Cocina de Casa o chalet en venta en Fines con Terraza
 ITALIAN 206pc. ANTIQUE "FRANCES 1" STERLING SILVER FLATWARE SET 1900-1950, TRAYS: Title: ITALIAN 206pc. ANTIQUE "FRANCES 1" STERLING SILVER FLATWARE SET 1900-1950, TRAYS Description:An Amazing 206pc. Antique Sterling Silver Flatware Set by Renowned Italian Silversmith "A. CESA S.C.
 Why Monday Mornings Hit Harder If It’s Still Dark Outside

EXERCISE
Repeat the listing above without any change.

FINISHED EXERCISE
Cocina de Casa o chalet en venta en Fines con Terraza
 ITALIAN 206pc. ANTIQUE "FRANCES 1" STERLING SILVER FLATWARE SET 1900-1950, TRAYS: Title: ITALIAN 206pc. ANTIQUE "FRANCES 1" STERLING SILVER FLATWARE SET 1900-1950, TRAYS Description:An Amazing 206pc. Antique Sterling Silver Flatware Set by Renowned Italian Silversmith "A. CESA S.C.
 Why Monday Mornings Hit Harder If It’s Still Dark Outside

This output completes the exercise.